Son autre marotte c’est la discipline; il déplore entre autres que les francophones en manquent. Carbonneau demandera des explications jusque dans son bureau; Guy argumente que les francophones sont justes plus directs, qu’ils se cachent moins. Mais s’il y a un point que tout le monde s’entend pour discuter, c’est son temps de glace; Corson qui a été privé d’une partie à cause d’une cravate qu’il s’évertue à ne pas porter, fait venir son père et tout le monde se retrouve au bureau de Serge Savard ! Chris Chelios critique l’utilisation de 6 défenseurs.
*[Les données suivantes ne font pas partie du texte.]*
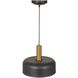 Orsa 1 Light 11.5 inch Black and Brushed Brass Down Pendant Ceiling Light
Chris Nilan trouve que Claude Lemieux joue trop longtemps. Par contre, l’équipe gagne; elle est au 2ième échelon du classement général, derrière Calgary. La situation autour de Nilan empire; non seulement il joue mal mais des joueurs vont voir Perron pour ne plus jouer avec. Un match à Québec, le gros Donnelly saute sur Petr Svoboda pour lui donner une raclée; Nilan est juste à côté et ne fait rien. Pire après le match, il rajoute :

Si vous pensez que je vais me battre pour un coach de même

Perron demande à ce que l’on en fasse un exemple; il sera échangé aux Rangers de New-York et les fans ne l’oublieront pas de si tôt. Je trouve intéressant d’ajouter que Perron a eu une peur énorme de lui annoncer la nouvelle; il s’attendait que cela soit Savard comme selon le protocole qui ait à le faire mais Serge fût retenu à cause d’un décès et Perron croyait qu’il se ferait sauter dessus mais, au contraire, Chris a réagi en vrai gentleman !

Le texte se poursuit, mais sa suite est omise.